◆ PROBLEM DETAILS
The output should be the records themselves, given again exactly.

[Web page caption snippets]
%%
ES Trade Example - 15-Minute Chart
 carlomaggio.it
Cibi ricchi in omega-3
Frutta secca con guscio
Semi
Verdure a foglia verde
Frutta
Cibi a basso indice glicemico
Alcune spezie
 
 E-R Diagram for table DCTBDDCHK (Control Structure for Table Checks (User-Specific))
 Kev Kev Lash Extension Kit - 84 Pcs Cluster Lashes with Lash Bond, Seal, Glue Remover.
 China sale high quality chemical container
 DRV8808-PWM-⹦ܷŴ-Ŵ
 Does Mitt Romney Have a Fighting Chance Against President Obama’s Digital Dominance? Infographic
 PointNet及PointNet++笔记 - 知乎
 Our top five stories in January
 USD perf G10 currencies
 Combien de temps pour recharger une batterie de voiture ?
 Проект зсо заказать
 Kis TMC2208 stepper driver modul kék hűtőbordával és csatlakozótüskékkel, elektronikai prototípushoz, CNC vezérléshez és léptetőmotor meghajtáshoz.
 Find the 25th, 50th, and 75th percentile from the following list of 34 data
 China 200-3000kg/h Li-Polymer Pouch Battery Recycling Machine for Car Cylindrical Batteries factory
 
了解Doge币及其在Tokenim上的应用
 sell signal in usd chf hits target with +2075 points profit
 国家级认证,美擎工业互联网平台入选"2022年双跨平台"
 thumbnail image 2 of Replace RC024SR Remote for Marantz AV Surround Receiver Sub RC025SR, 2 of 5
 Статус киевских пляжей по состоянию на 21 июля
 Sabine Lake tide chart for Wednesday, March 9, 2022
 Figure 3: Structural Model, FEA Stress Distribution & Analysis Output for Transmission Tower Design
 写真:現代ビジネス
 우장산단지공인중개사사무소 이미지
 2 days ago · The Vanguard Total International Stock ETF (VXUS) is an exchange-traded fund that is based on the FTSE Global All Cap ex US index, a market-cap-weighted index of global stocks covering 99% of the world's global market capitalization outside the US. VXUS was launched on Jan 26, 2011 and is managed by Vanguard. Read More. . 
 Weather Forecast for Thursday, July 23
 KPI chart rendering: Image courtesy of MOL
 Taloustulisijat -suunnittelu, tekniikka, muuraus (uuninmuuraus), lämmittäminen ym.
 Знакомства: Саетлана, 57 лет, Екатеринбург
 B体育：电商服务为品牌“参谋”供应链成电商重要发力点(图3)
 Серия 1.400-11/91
%%
◆ ANSWER TO THE PROBLEM
ES Trade Example - 15-Minute Chart
 carlomaggio.it
Cibi ricchi in omega-3
Frutta secca con guscio
Semi
Verdure a foglia verde
Frutta
Cibi a basso indice glicemico
Alcune spezie
 
 E-R Diagram for table DCTBDDCHK (Control Structure for Table Checks (User-Specific))
 Kev Kev Lash Extension Kit - 84 Pcs Cluster Lashes with Lash Bond, Seal, Glue Remover.
 China sale high quality chemical container
 DRV8808-PWM-⹦ܷŴ-Ŵ
 Does Mitt Romney Have a Fighting Chance Against President Obama’s Digital Dominance? Infographic
 PointNet及PointNet++笔记 - 知乎
 Our top five stories in January
 USD perf G10 currencies
 Combien de temps pour recharger une batterie de voiture ?
 Проект зсо заказать
 Kis TMC2208 stepper driver modul kék hűtőbordával és csatlakozótüskékkel, elektronikai prototípushoz, CNC vezérléshez és léptetőmotor meghajtáshoz.
 Find the 25th, 50th, and 75th percentile from the following list of 34 data
 China 200-3000kg/h Li-Polymer Pouch Battery Recycling Machine for Car Cylindrical Batteries factory
 
了解Doge币及其在Tokenim上的应用
 sell signal in usd chf hits target with +2075 points profit
 国家级认证,美擎工业互联网平台入选"2022年双跨平台"
 thumbnail image 2 of Replace RC024SR Remote for Marantz AV Surround Receiver Sub RC025SR, 2 of 5
 Статус киевских пляжей по состоянию на 21 июля
 Sabine Lake tide chart for Wednesday, March 9, 2022
 Figure 3: Structural Model, FEA Stress Distribution & Analysis Output for Transmission Tower Design
 写真:現代ビジネス
 우장산단지공인중개사사무소 이미지
 2 days ago · The Vanguard Total International Stock ETF (VXUS) is an exchange-traded fund that is based on the FTSE Global All Cap ex US index, a market-cap-weighted index of global stocks covering 99% of the world's global market capitalization outside the US. VXUS was launched on Jan 26, 2011 and is managed by Vanguard. Read More. . 
 Weather Forecast for Thursday, July 23
 KPI chart rendering: Image courtesy of MOL
 Taloustulisijat -suunnittelu, tekniikka, muuraus (uuninmuuraus), lämmittäminen ym.
 Знакомства: Саетлана, 57 лет, Екатеринбург
 B体育：电商服务为品牌“参谋”供应链成电商重要发力点(图3)
 Серия 1.400-11/91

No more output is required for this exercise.